You may recall the post I wrote a couple of weeks ago about the bright orange yolks in the eggs that I ate in Australia. The enhanced color is the result of an additive, a synthetic carotenoid.

For health and health safety, food consumers (that's everyone!) need to demand that all food labeling be transparent so that we can make conscious choices about what we feed our brain and bodies.

I went to an event last night and there was a buffet of deli sandwiches, deli-meat pinwheels, crudites and cut fruit, popcorn, brownies and Rice Krispy treats, bottles of pop, and lots of plastic: cups, plates, knifes & forks, and all the food was on plastic platters.

With every bite of my plastic-tasting deli meat and cheese sandwich, deli-meat pin wheel, and fruit pieces, I honestly wondered what I was ingesting.

If you google "What's in our food" there are copious links to articles and blogs containing a lot of disturbing information, I mean overwhelmingly disturbing to the degree that it's hard not to feel as though, as a friend of mine once said, food is dangerous!

And then there's the recent New York Times article about President's Cancer Panel releasing a 200-page report declaring the health dangers of chemicals in our food and environment and the consideration that citizens should give organic food over non-organic food.

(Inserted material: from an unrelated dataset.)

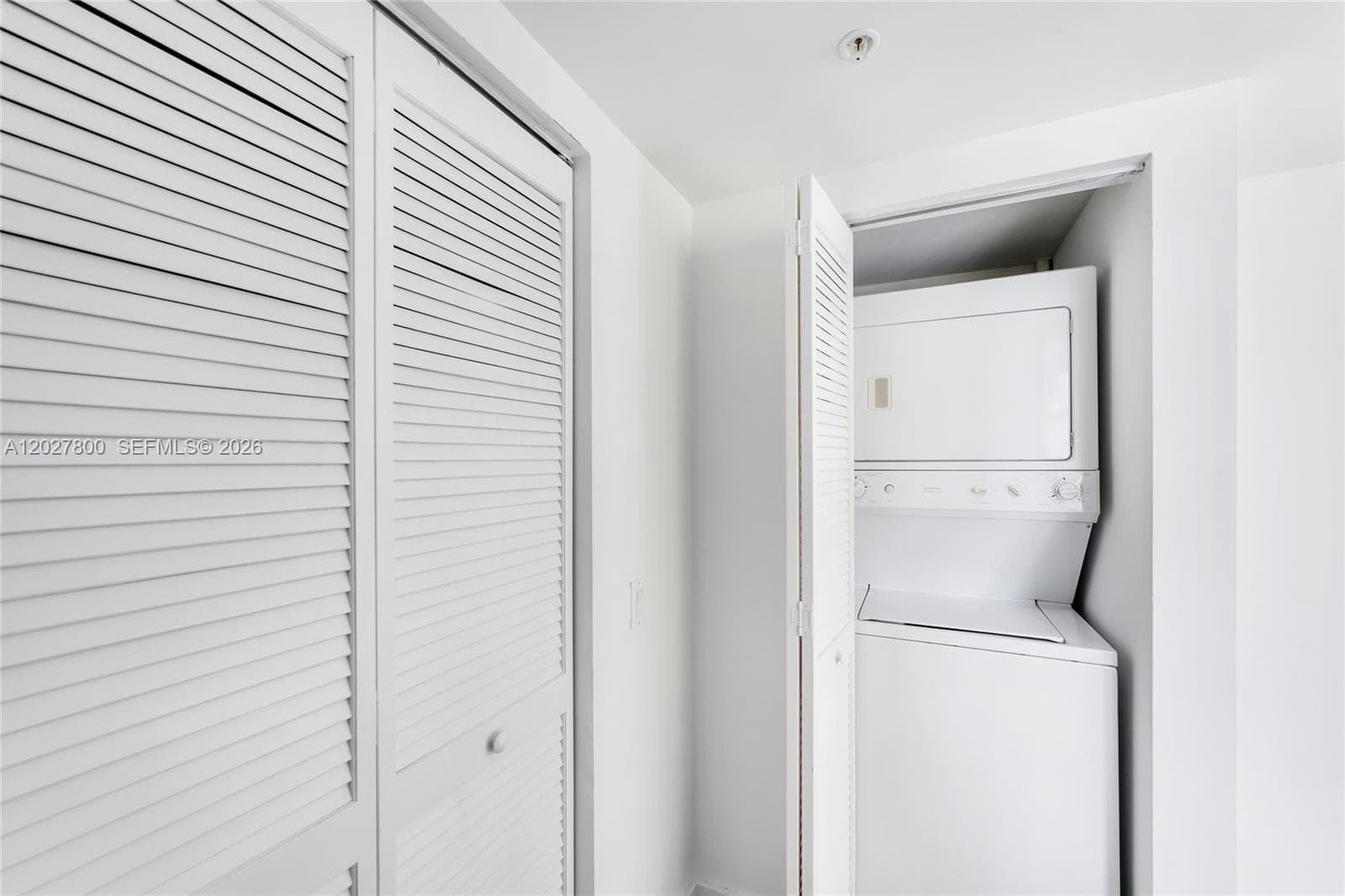 41 SE 5th St # 1116, Miami FL 33131 — 27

A number of years ago a school friend of mine died from non-hodgkin's lymphoma, a cancer that originates in the lymph system. Toward the end of her life we talked about "why," what could have caused her to be dying at 43 with no family history of cancer, having enjoyed a full and fun life in a beautiful environment in rural Australia?

Judy reflected that as a kid she rode her bike to school alongside the state's biggest, industrial fruit orchards, through mists of chemical spray.

She wondered if the regular, direct contact with herbicides and pesticides, and then eating the fruit sprayed with those chemicals, caused her cancer.

I have no doubt it did.

With her treatment options exhausted, Judy turned to an organic diet and meditation, but it was too late.

Food can be scary, but living in fear of eating is just as dangerous to one's health.

The alternative: be a conscious consumer!

Think about what you're buying at the grocery store, read labels, say no to packaged, bottled, frozen and processed foods containing acronyms masquerading as food.

Be tireless in your pursuit of clean, organic, real food and humanely-farmed meat, poultry and dairy, and sustainably-fished seafood.